Pakistani army chief says it’s time to ‘bury the past’ with India

General Qamar Javed Bajwa

Photographer: Farooq Naeem / AFP / Getty Images

The powerful head of the Pakistani Army, General Qamar Javed Bajwa, asked India “to bury the past and move on”, in rare comments made the day after Prime Minister Imran Khan asked New Delhi to move towards the resolving issues in the Kashmir region.

Nuclear weapon nations fought three wars since its independence from Britain in 1947, two of them in the Himalayan region. The area is divided between the two and claimed in its entirety by both. Their relationship hit its worst hurdle in years, after a suicide attack in Indian Kashmir in February 2019 killed 40 soldiers. India retaliated with air strikes on alleged terror camps within Pakistan, which it says operates with Islamabad’s unspoken blessings. Pakistan has always denied that it supports terrorist groups.

Both nations withdrew their envoys later that year, after India revoked the constitutional autonomy of its state of Jammu-Kashmir.
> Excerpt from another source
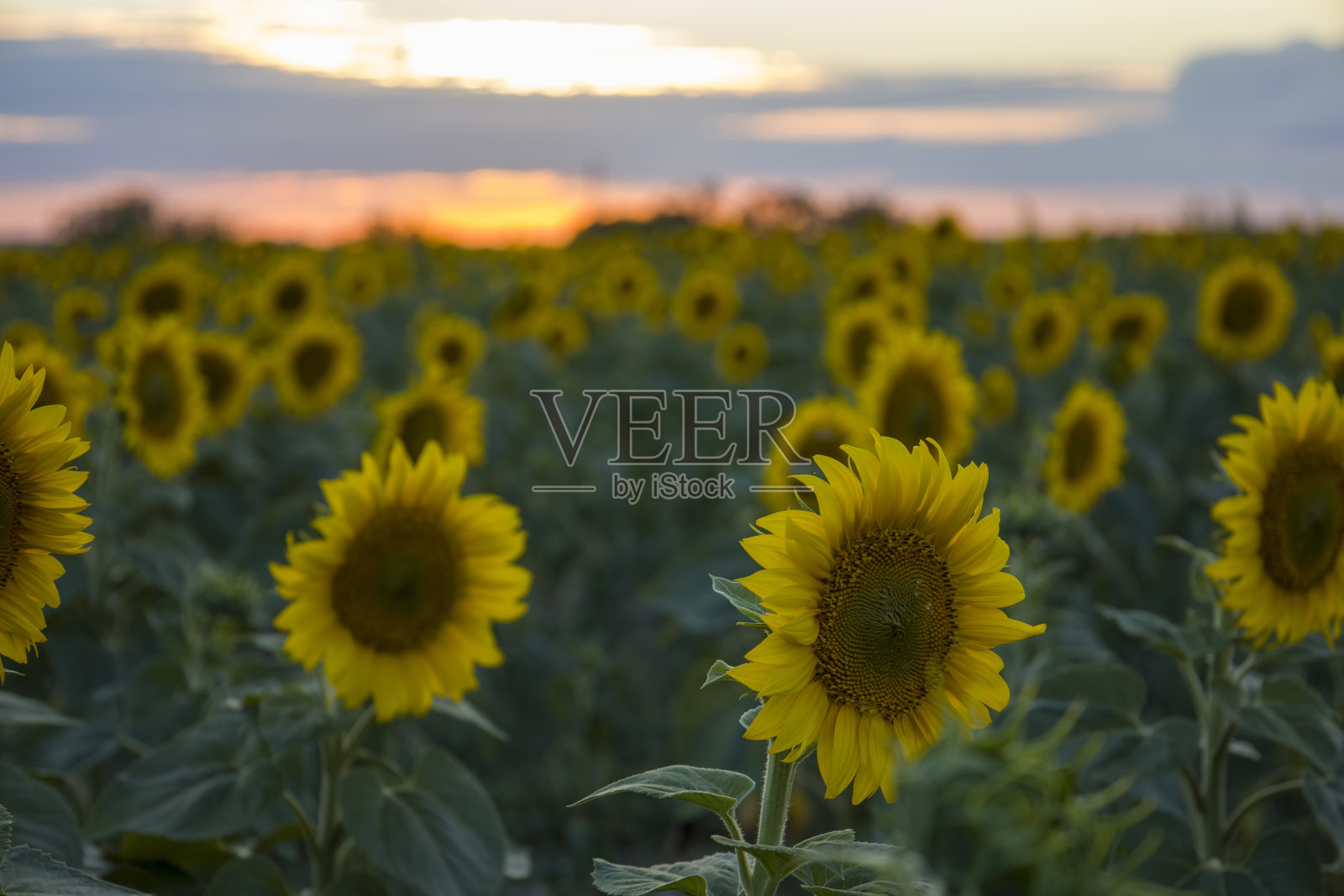 夕阳下的向日葵。照片摄影图片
Pakistani Prime Minister Khan urges India to make a move towards peace

“We are ready to improve our environment by solving all of our outstanding problems with our neighbors through dialogue,” said the army chief. “But for the peace process to resume or a meaningful dialogue, our neighbor will have to create an enabling environment,” particularly in the Indian portion of Kashmir.
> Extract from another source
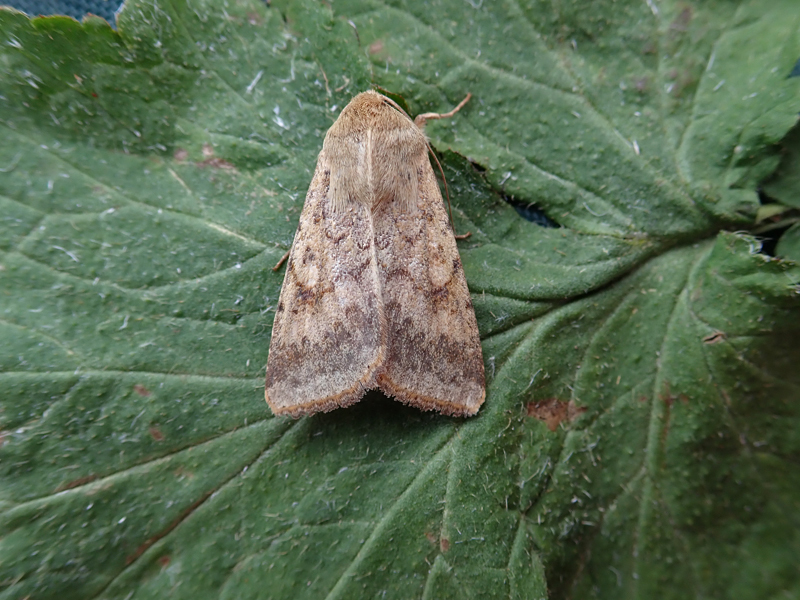 Scarce Bordered Straw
Bajwa’s comments on the Islamabad Security Dialogue are significant, as the army, which directly governed Pakistan for about half its history, has an outsized role in the Khan government with contributions in foreign policy and security issues.

Peace openings follow an unusual joint statement by military commanders from India and Pakistan last month renewing vows to join a 2003 agreement ceasefire in Kashmir.

“We have learned from the past to evolve and we are willing to move on to a new future,” said Bajwa. “However, it all depends on reciprocity.”